La orgánica neorranchera se magnifica al magnificar la verba petulante y tribucitadina (“¡O sea...!”) de esa irresistible Cami chocantísima (“El vaquerito no va a tocar las bubis de las vacas”) de repetitivo léxico lo que sigue de limitado (“Equis, ¡ya! Equis”) o que campechanea en cada desternillante frase espontánea y por alícuotas partes iguales el español mamila con el inglés rebuscadazo (“Hoy es top one: shots mil” / / “La manteca es megatóxica, superunhealthy” / / “Voy a ser tu matchmaker”), siempre formidablemente sostenida y valorada por un exquisito diseño de producción de la excuequera Lorenza Manrique, una refinada fotografía superdinámica de Alejandro Pérez Gavilán, una edición precisa aunque sea con base en cortes inmisericordes de Óscar Figueroa Jara, un insinuante diseño sonoro atmosférico de Miguel Ángel Molina Gutiérrez y last but not least la música esquizofrénica de los jovencísimos Diego Benlliure Conover, Héctor Ruiz, Juan Andrés Vergara y Carlos Vértiz Pani, que mezcla sin piedad auditiva cualquier folclor con toda especie de alucine posroquero-pospunk.
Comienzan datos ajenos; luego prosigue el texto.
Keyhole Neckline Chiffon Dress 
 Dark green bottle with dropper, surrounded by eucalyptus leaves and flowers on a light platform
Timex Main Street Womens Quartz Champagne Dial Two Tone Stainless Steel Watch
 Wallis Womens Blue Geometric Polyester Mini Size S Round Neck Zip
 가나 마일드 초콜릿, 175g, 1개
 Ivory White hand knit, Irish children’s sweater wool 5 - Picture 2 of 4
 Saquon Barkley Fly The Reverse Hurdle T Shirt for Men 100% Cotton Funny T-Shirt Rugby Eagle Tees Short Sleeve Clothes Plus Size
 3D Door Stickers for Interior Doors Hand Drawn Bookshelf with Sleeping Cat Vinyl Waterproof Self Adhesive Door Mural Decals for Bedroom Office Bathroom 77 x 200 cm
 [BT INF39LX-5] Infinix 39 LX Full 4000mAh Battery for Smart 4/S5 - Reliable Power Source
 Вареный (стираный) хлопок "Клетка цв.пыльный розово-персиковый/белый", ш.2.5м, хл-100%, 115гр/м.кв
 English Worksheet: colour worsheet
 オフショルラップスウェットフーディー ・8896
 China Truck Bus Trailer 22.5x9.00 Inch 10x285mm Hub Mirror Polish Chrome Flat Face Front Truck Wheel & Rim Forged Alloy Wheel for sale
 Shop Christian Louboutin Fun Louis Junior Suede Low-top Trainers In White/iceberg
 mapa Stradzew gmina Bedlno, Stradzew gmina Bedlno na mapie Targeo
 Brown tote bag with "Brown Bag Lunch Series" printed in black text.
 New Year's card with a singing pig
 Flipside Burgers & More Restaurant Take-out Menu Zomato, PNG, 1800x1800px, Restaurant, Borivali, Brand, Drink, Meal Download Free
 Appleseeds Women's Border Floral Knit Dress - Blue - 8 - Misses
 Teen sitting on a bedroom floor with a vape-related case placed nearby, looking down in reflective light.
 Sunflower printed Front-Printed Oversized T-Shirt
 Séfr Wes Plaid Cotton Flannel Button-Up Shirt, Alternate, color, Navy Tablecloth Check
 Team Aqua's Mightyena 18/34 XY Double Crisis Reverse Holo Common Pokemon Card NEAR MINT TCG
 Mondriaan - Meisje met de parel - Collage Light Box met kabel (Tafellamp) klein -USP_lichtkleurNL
La orgánica neorranchera se descubre finalmente como una nueva estrategia y un novedoso rodeo para redefinir al rancho en sí como un espacio idílico neofeudal-neoencomendero-neoporfiriano donde los habitantes viejos viven extrañando la amistad de sus patrones (¿un solo patrón nos falta y todos los ranchos están despoblados?) y los rudos nuevos rancheros aprovechan cualquier oportunidad para imponer su derecho a ser infelices (“Se va a quedar en la cabaña imperial”) y hacerse de un programa social que los civilice y reeducar a cualquier malcriada muchacha citadina para que los rescate de una ignominiosa desaparición y les resucite la sabiduría fabricante de su atávico mezcal bendito (con piña machacada y demás, añorando la nostalgia del ya imposible triángulo amoroso con el caporal apuesto y la rancherita cardiaca (ahora cumpliendo tardíos quince años simbólicos) del inefable Allá en el Rancho Grande (Fernando de Fuentes, 1936), entre la reiterativa afirmación axiológica clásica del Menosprecio de corte y alabanza de aldea (la obra moralista clave de Fray Antonio de Guevara contra la corrupción cortesana del siglo XVI) que hawksianamente planteaba con vigor satírico Luis Alcoriza en su cinta maestra Tiburoneros (1962) y la explotación actual de los excesos / excentricidades / desfiguros / abusos / choques de las tribus urbanas que van de Nosotros los Nobles (Gary Alazraki, 2012) a Mirreyes vs. Godínez (Salvador Cartas, 2019).
Y la orgánica neorranchera consuma grácilmente una fabulita ejemplar con un gran vuelco y luego ínfimas reconversiones, medio bobalicona medio sosa, que no le hace daño a nadie, pero tampoco ningún bien, rumbo al apoteótico top shot armonizador de clases rurales-urbanas final que en forma grandilocuente corona el rudo aprendizaje y el inmediato ejercicio colectivo del “verdadero valor de las cosas”.